Mild hurrah for Bonds's home-run feat

Bonds has tied Babe Ruth's 714 home-run record, but questions remain about whether he used steroids in the past.

For baseball fans, his every at-bat is a moment laced with contradiction. At games away from home, he often steps to the plate to a chorus of boos, yet he's been named the National League's most valuable player no fewer than seven times. He's been accused of pumping up his performance with drugs, yet he's never tested positive for any banned substance.

Now that Barry Bonds has tied baseball icon Babe Ruth in career home runs, blasting No. 714 into the right-center stands in Oakland on Saturday afternoon, his achievement has produced that same mixed message: a standing ovation tempered by fans' private doubts, an occasion for delirium that arrives, finally, with a shrug.

"It's an amazing feat, but we'll never know if he could have done it without drugs," says Catherine Bergstrom of San Jose, Calif., a lifetime San Francisco Giants fan. For her, the doubt makes the feat less spectacular.

For Bonds's critics and his defenders, the long-awaited home run has been less about celebration and more about renewed introspection over the game of baseball and the values of all those - players, team owners, media, and fans - involved in it. Record-smashing seasons in the late 1990s and early 2000s brought major league baseball out of a post-player-strike slump, but by last year allegations of rampant steroid use by players were roiling the sport.

"It's easy to figure why no one wanted to question [steroid allegations]," says Peter Robey, director of the Center for the Study of Sports in Society at Northeastern University in Boston. "The players had a role. The media let it go undetected. Major league baseball as a whole, and individual [team] owners and doctors and trainers and the fans as well, all have some responsibility in what was allowed to happen."

Ultimately, he says, America's pervasive - and wrongheaded - ethic of winning at all costs is what fuels cheating and "makes guys risk health and reputation for the sake of being able to chase records."

At a recent Giants game, several fans brought a giant sign made of connecting bedsheets running almost the length of the field. It said, "Ruth did it on hot dogs and beer. Aaron did it with class. How did YOU do it?"

Basketball Hall of Famer Rick Barry - a sports radio host - feels differently. "He says he never knowingly used steroids and until proven otherwise, I believe him," he says. Barry notes that professional sports trainers for decades introduced athletes - including himself - to new vitamin and supplement regimens. (Bonds's personal trainer, Greg Anderson, pleaded guilty to his own role in a steroid distribution ring.)

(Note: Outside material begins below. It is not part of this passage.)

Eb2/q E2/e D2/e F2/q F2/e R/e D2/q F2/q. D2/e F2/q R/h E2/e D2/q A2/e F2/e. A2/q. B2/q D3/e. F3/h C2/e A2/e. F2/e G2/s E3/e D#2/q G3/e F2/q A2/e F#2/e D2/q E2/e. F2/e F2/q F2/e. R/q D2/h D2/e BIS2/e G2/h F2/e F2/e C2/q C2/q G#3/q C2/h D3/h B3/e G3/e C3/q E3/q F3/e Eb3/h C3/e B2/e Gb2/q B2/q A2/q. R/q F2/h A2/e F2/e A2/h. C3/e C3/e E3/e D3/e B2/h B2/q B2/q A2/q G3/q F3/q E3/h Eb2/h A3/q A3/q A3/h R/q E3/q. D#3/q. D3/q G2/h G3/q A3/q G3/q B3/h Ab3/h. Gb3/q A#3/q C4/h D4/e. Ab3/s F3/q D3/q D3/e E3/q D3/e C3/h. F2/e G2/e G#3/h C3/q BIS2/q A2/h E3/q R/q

"Bonds has never tested positive for anything illegal ... I don't think he would knowingly do that and suffer the loss of respect," says Barry.

In recent books, articles, congressional, and federal grand-jury investigations, Bonds has been linked to the use of substances that build the muscles and coordination, accounting for both the high number and monster-size of his home runs into the highest decks of major league stadiums. Bonds is reported to have testified before a grand jury that he never knowingly used performance-enhancing drugs. Major League Baseball in March launched its own investigation into alleged steroid use by Bonds and other players.

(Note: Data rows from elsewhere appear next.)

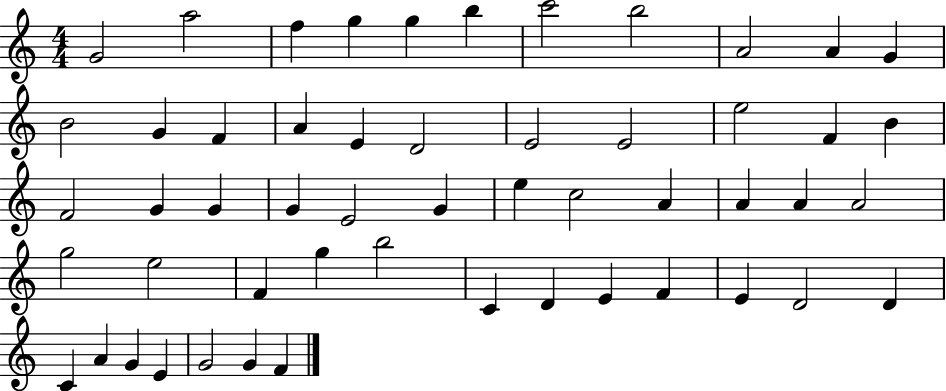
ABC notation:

X:1
T:Untitled
M:4/4
L:1/4
K:C
G2 a2 f g g b c'2 b2 A2 A G B2 G F A E D2 E2 E2 e2 F B F2 G G G E2 G e c2 A A A A2 g2 e2 F g b2 C D E F E D2 D C A G E G2 G F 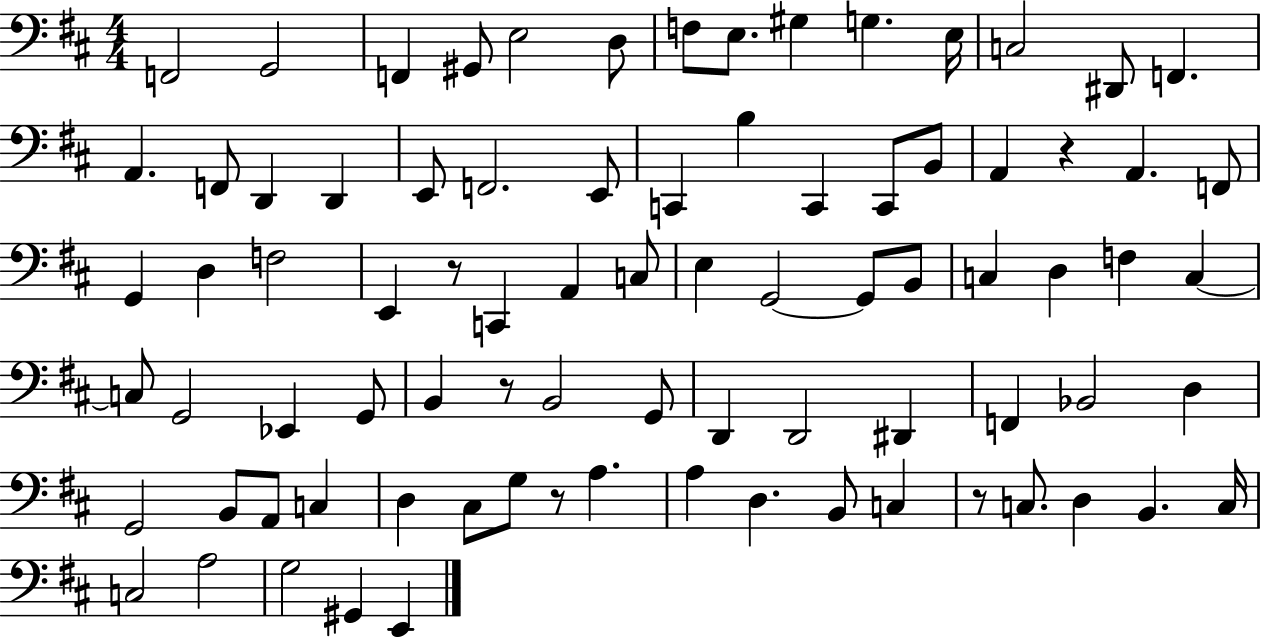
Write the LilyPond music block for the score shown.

{
  \clef bass
  \numericTimeSignature
  \time 4/4
  \key d \major
  f,2 g,2 | f,4 gis,8 e2 d8 | f8 e8. gis4 g4. e16 | c2 dis,8 f,4. | \break a,4. f,8 d,4 d,4 | e,8 f,2. e,8 | c,4 b4 c,4 c,8 b,8 | a,4 r4 a,4. f,8 | \break g,4 d4 f2 | e,4 r8 c,4 a,4 c8 | e4 g,2~~ g,8 b,8 | c4 d4 f4 c4~~ | \break c8 g,2 ees,4 g,8 | b,4 r8 b,2 g,8 | d,4 d,2 dis,4 | f,4 bes,2 d4 | \break g,2 b,8 a,8 c4 | d4 cis8 g8 r8 a4. | a4 d4. b,8 c4 | r8 c8. d4 b,4. c16 | \break c2 a2 | g2 gis,4 e,4 | \bar "|."
}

In February, two San Francisco Chronicle reporters wrote the book "Game of Shadows" about Bonds's alleged steroid use.

Peter Keating, author of "Dingers! A short history of the Long Ball" and an ESPN sports columnist, says the controversy surrounding the slugger has been tragic because "Barry Bonds was one of the most talented athletes of his generation."

When Mark McGwire and Sammy Sosa got into a home- run duel in 1998 pursuing Roger Maris's single-season home-run record of 61, "[Bonds] looked over his shoulder at the adulation being heaped on McGwire and Sosa and decided to make his own run for the home-run record," says Mr. Keating. "That year [Bonds] reached 400 home runs and 400 steals, something no one had ever done. But ... only a few press showed up because they were all covering Sosa and McGwire. It was killing him," he says.

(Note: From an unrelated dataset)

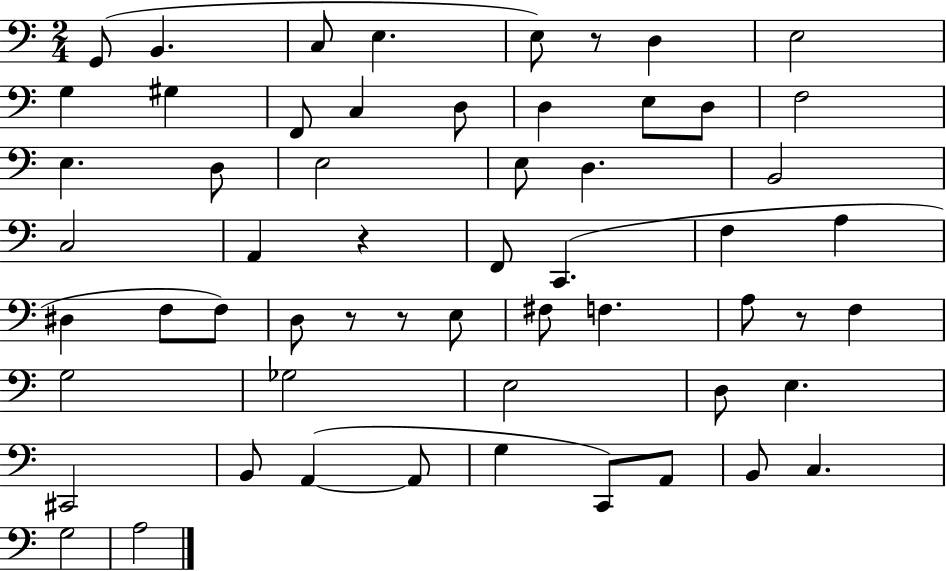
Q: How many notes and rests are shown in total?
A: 58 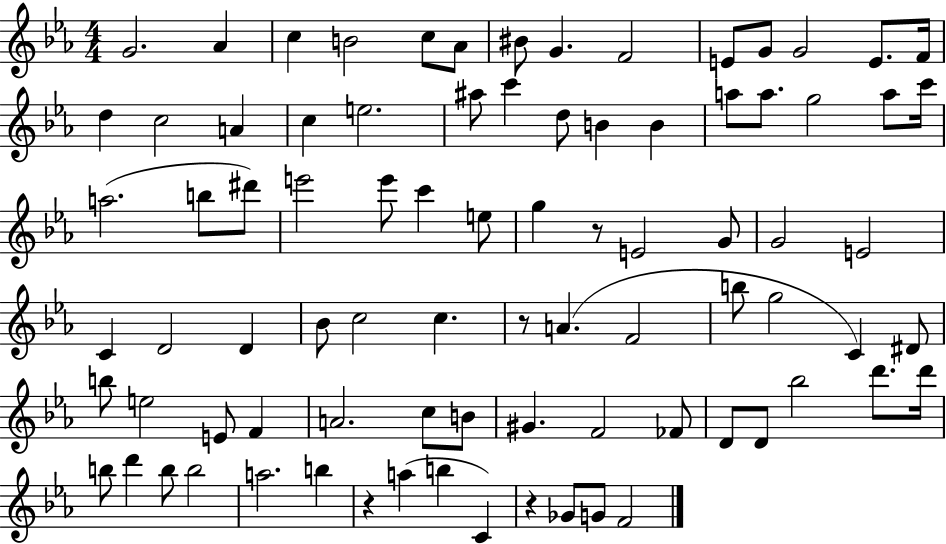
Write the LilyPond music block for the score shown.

Bonds now begins his assault on the all-time home-run record of Hank Aaron, who went on to hit 755 homers.

Keating, for his part, is celebrating Ruth's and Aaron's feats. "We should appreciate just how amazing a total Aaron's record of 755 is," he says. "He did it under incredible pressure in an era of segregation, a black man chasing the white man's record. And he was only 6 feet tall, 180 pounds."